Our blog platform extends the teachings of the podcasts and deepens our mission through reflective writing, seasonal teachings, and cultural storytelling.

  • In The Old Way: focused on ethnobotany and the traditional use of plants for food, medicine, and ceremony.

  • The Living Fire: holds ancestral stories, oral traditions, and cultural teachings rooted in Turtle Island and other land-based cultures.

  • Wild Visions: explores wilderness as teacher through essays on solitude, perception, and the human place within living systems.

Core Values

  • Preservation through story protects memory. Story carries knowledge forward when practiced with restraint and care.

  • Listening before speaking guides every action. Elders, land, and lineage lead. Sharing follows permission.

  • Earth-centered connection recognizes land as teacher and relative. Relationship replaces extraction.

  • Cultural integrity requires restraint. The Institute shares only what has been given. Source communities remain centered. Distortion and appropriation are rejected.

  • Holistic renewal addresses personal, cultural, and ecological health in an integrated way. Separation creates harm. Relationship restores balance.

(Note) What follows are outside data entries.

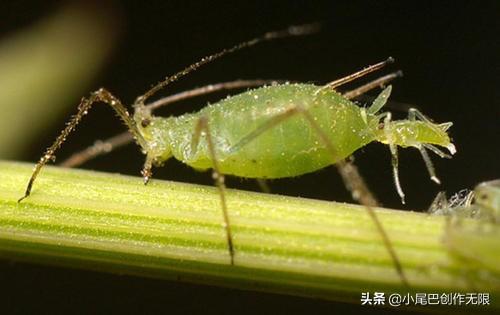 蚜虫图片_蚜虫图片高清图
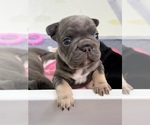 Puppy Puppy 2 French Bulldog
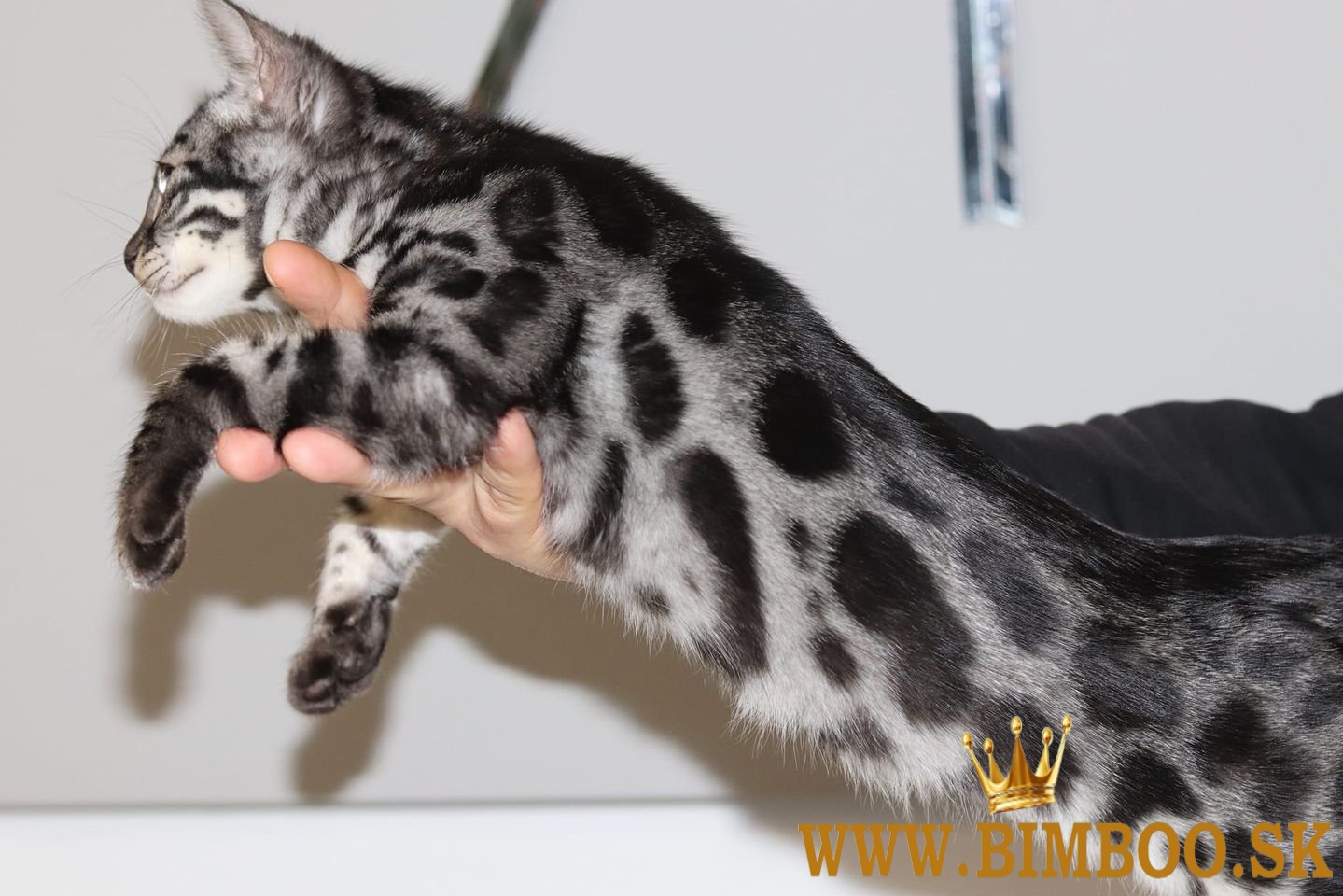 Snow/Brown/Charcoal/Silver Bengal Kittens +27842597191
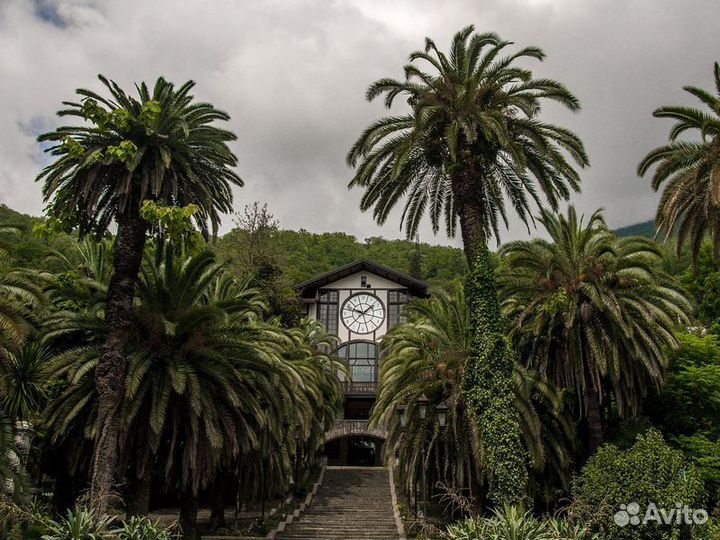 Экскурсия — Сочи — Абхазский драйв: озеро Рица и Г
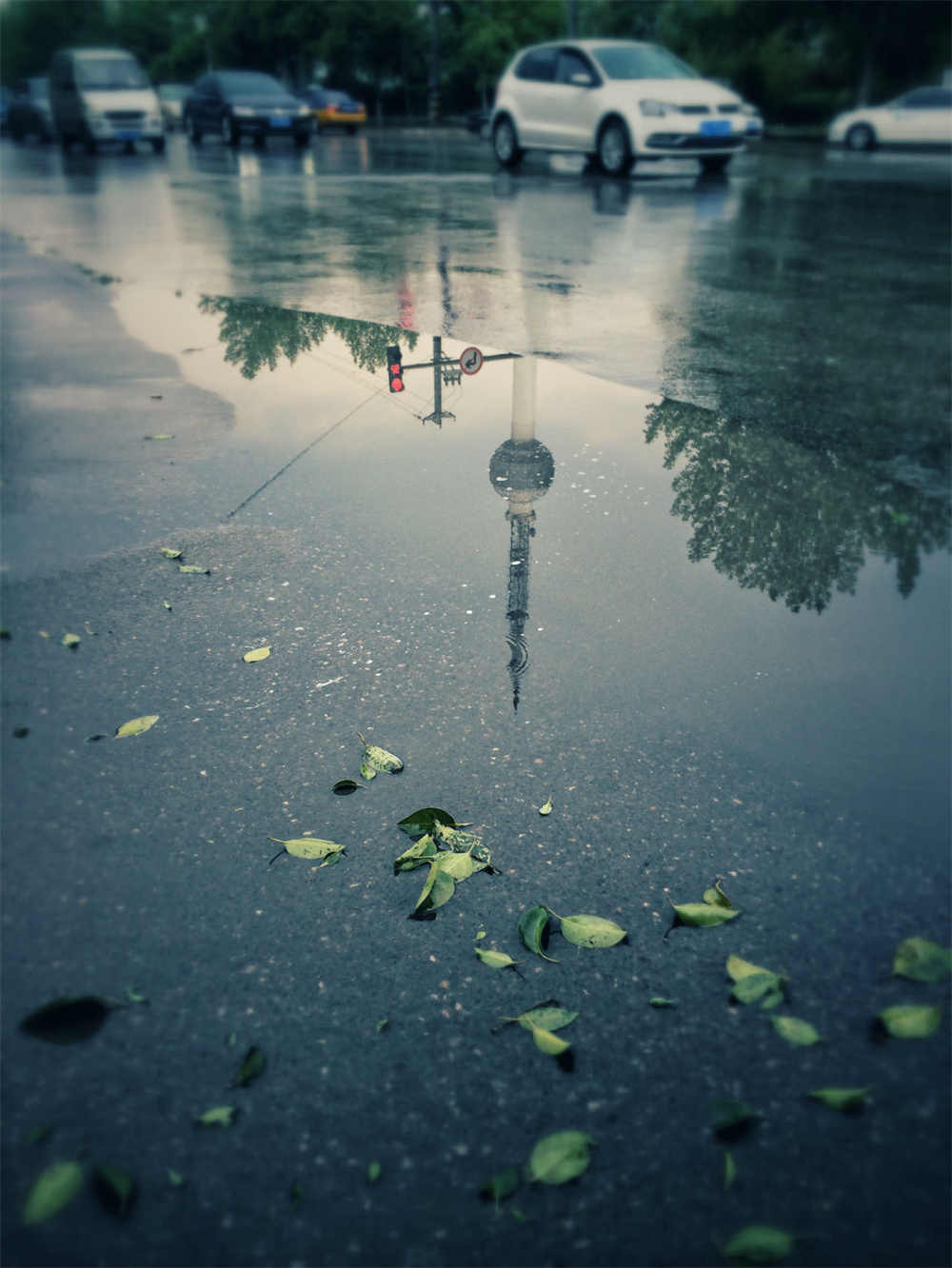 秋雨过后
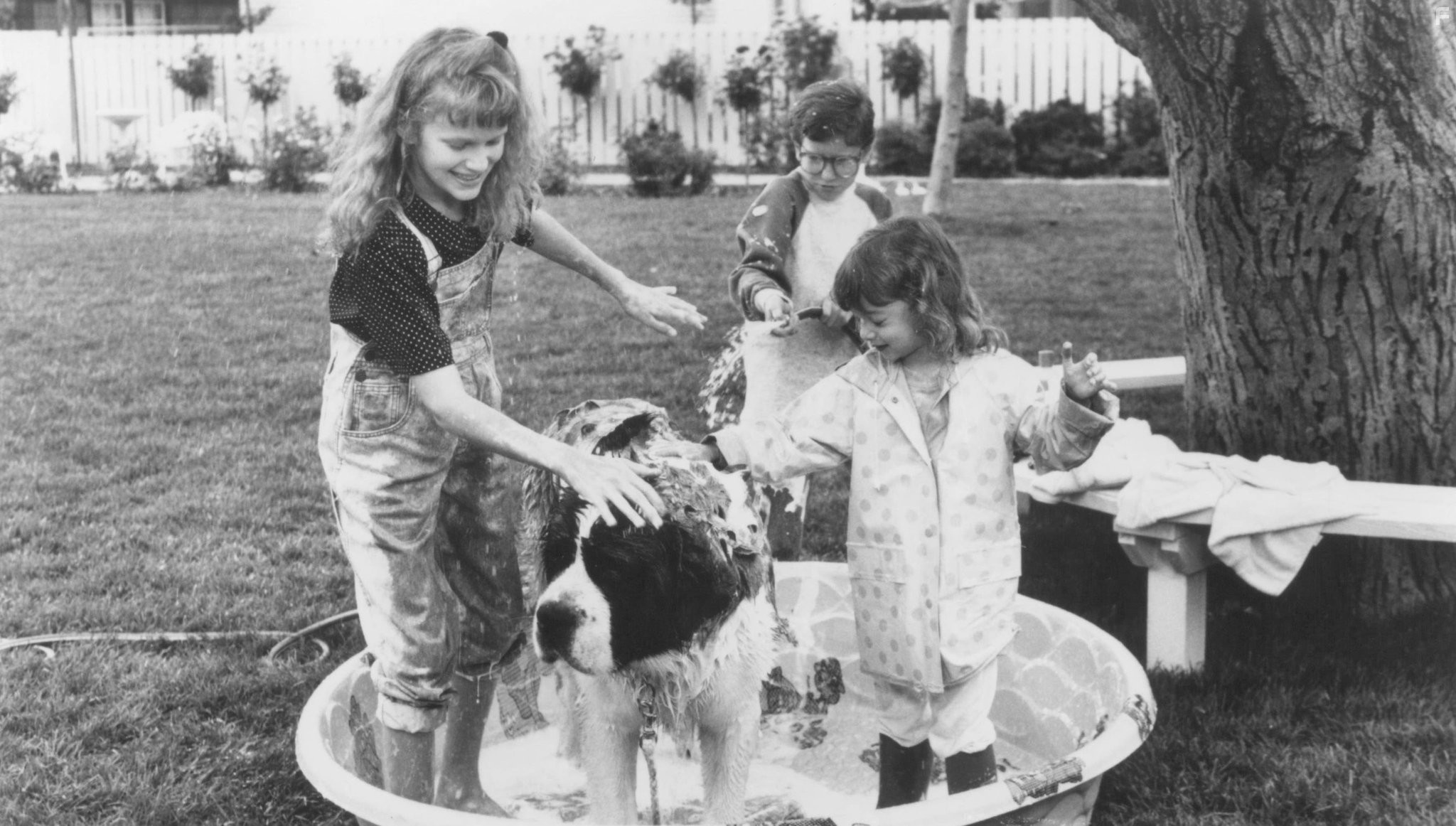 Nicholle Tom, Christopher Castile, and Sarah Rose Karr in Бетховен (1992)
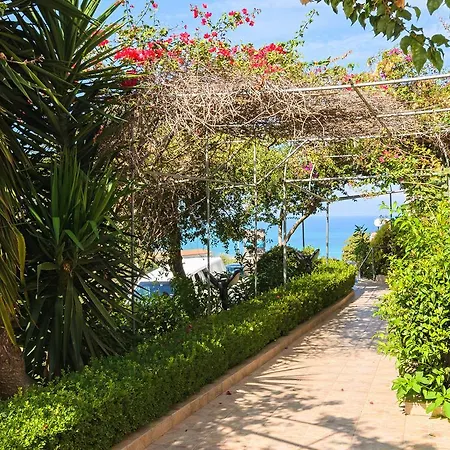 Hotel apartamentowy Zante Palace Tsilivi (Zakynthos)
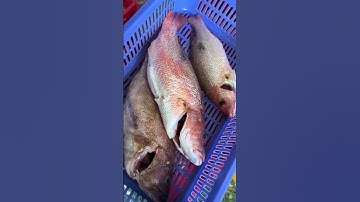 Ở xa ưng ăn cá quê #food #dacsanmientrung #amthuc #quangngai #monngon #hanhtoi #xuhuong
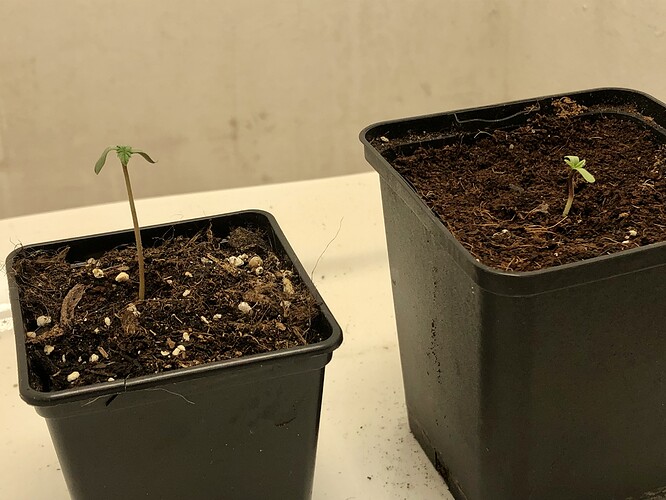 Growreport Bild 1
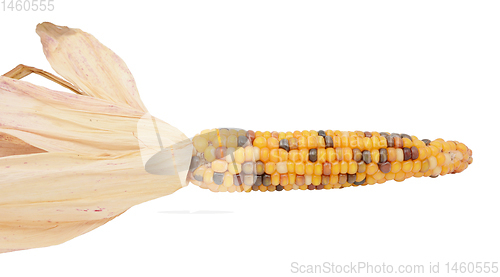 Image of Ornamental flint corn with yellow, red and black niblets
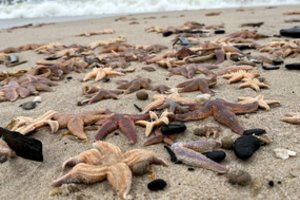 5 milijardų jūros žvaigždžių „žudynių“ mįslė įminta: žmonės nesupranta, ką reiškia ši epidemija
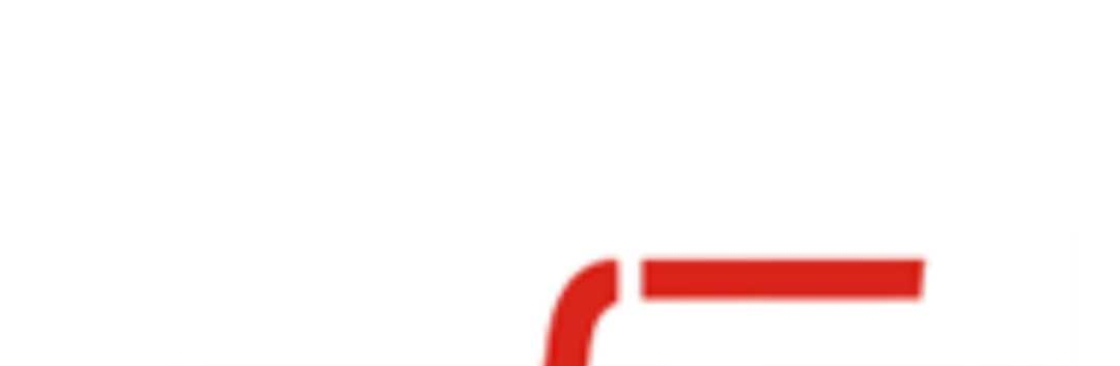 sfs india Cover Image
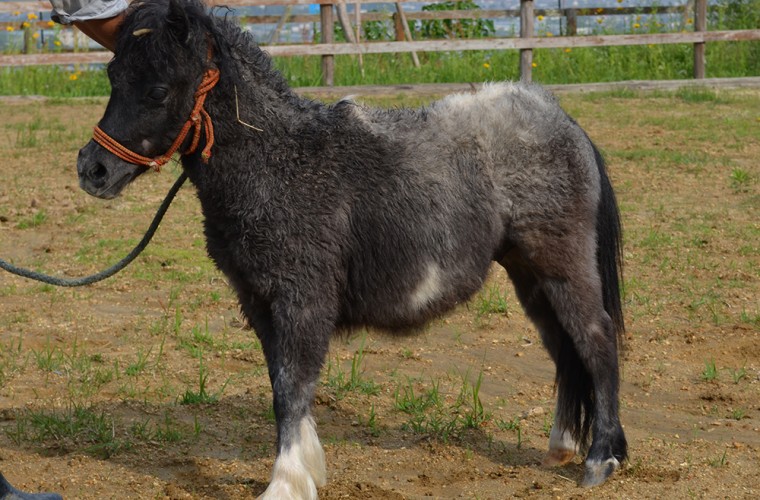世界最小の馬(ファラベラポニー)が登場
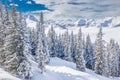 Trees covered by fresh snow in Kitzbuhel ski resort, Tyrolian Alps, Austria Royalty Free Stock Photo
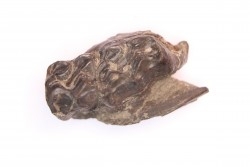 Palaeotherium medium - Lutetian - Sainte Radegonde, France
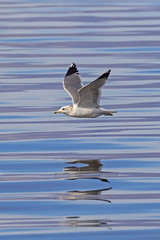 Bird sea gull flying low over the water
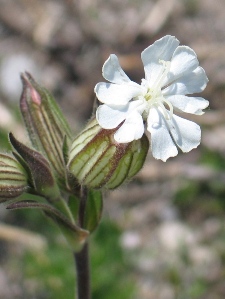 Silene alba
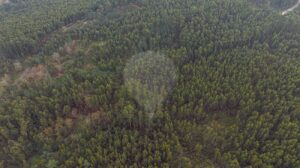 Terreno  à venda em Póvoa de Lanhoso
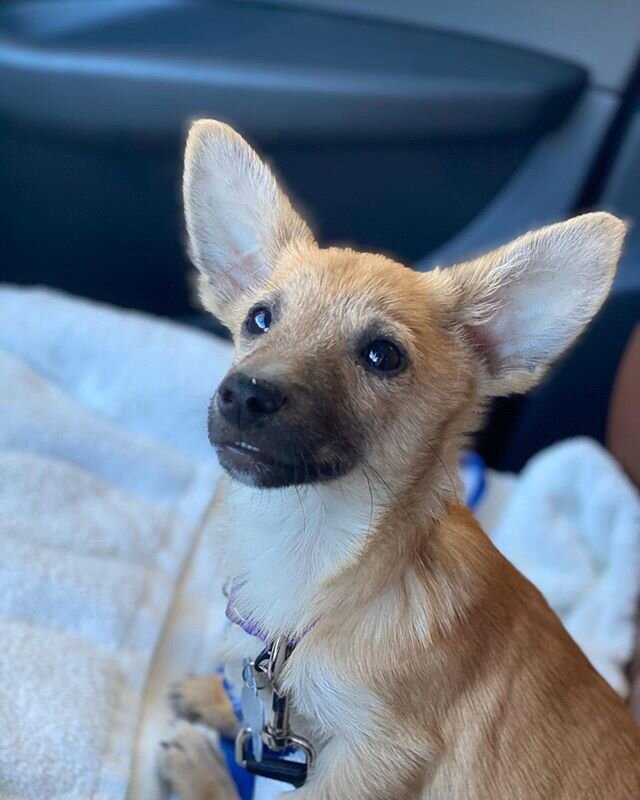 Meet our newest arrival: Carrot! 🥕🤩 Too cute for words, right?! We have a number of dogs and cats arriving over the coming weeks, including puppies (like Carrot!) Get a head start by filling out an adoption application and noting that you&rsquo;re 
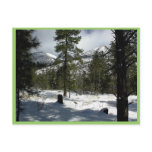 Snows In Flagstaff At Arizona And On Mt. Elden postcards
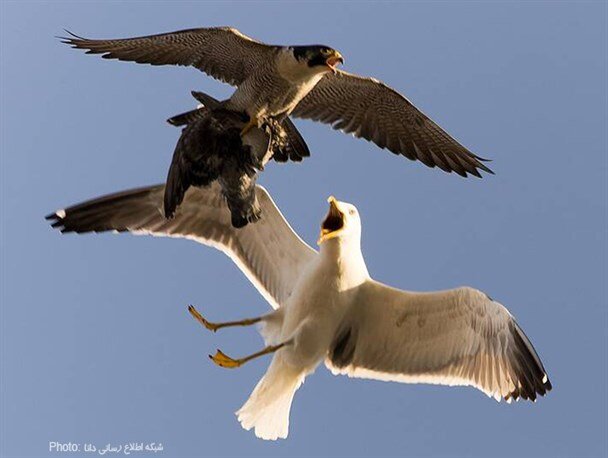 درگیری مرغ دریایی و شاهین در آسمان / تصاویر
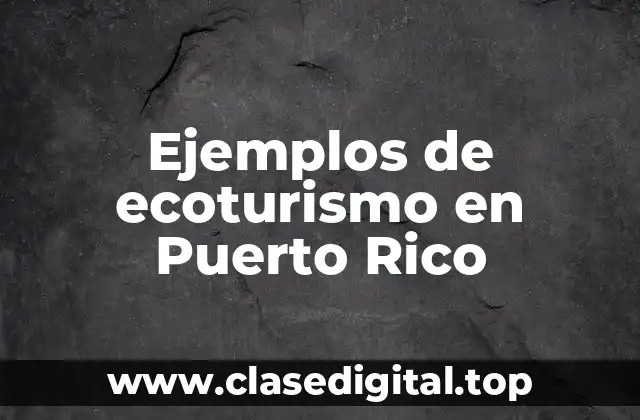 Ejemplos de ecoturismo en Puerto Rico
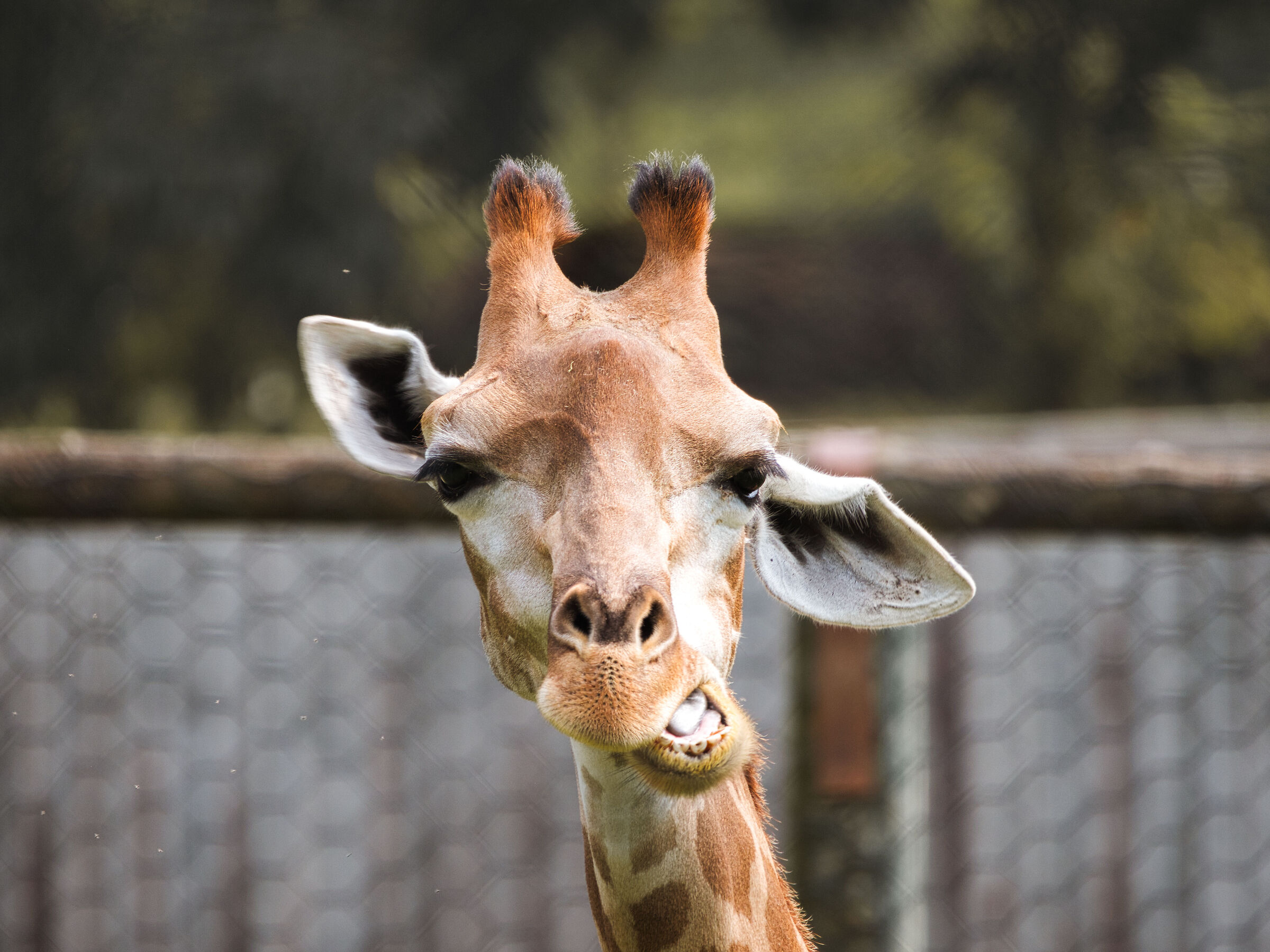 Zoo le cornelle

  • Seventh-generation responsibility shapes decision-making. The Institute acts with future people in mind. Good ancestors protect land, knowledge, and practice so life continues with depth and meaning.

Vision Statement

The In The Old Way Institute, holds a clear vision. Traditional Knowledge, earth-based practices, and ancestral stories live through integrity and use, not nostalgia. These ways remain protected, practiced, and remembered through a relationship with land, place, and responsibility.

The Institute envisions digital space used with restraint and purpose. Platforms serve as modern fires where stories pass with care. Not for spectacle. Not for trend. For remembrance, repair, and continuity. Podcasts and writing create a gathering place where cultural teachings endure, and people reconnect with land, lineage, and lived responsibility.

This vision centers on direct experience. Earth-based knowledge forms through participation. Wisdom grows through time on the land, through effort, attention, and consequence. Personal sovereignty matters. Authority does not come through repetition of another person’s words. Understanding forms through immersion rather than opinion.

Across many Indigenous and ancestral traditions, listening precedes speech. Experience anchors truth. Speech without lived knowledge carries no weight. Words gain meaning only after action. Integrity follows practice. This vision calls people to live before speaking and to test understanding through relationship with land, community, and self.

The Institute also envisions healing through reconnection. Disconnection sickness fades when contact returns. Contact with soil. Contact with story. Contact with Body and Soul. Contact with place. Balance returns through practice, not ideology. Relationship repairs separation.

Responsibility and Restraint

In The Old Way Institute does not affiliate with any tribal government or nation. When sharing Traditional Knowledge (TK), plant knowledge, or cultural teachings, the Institute operates on the principles of permission, attribution, and context. The Institute does not speak on behalf of any community.

Not all knowledge belongs in public view. Sacred, private, or ceremonial teachings remain protected unless explicitly offered for preservation or education. Stewardship guides decisions. Humility shapes offerings. Cultural integrity sets the boundary.

The vision stays steady. Old ways continue through care, discipline, and lived relationship. The work supports continuity rather than consumption. The future holds depth when memory remains intact.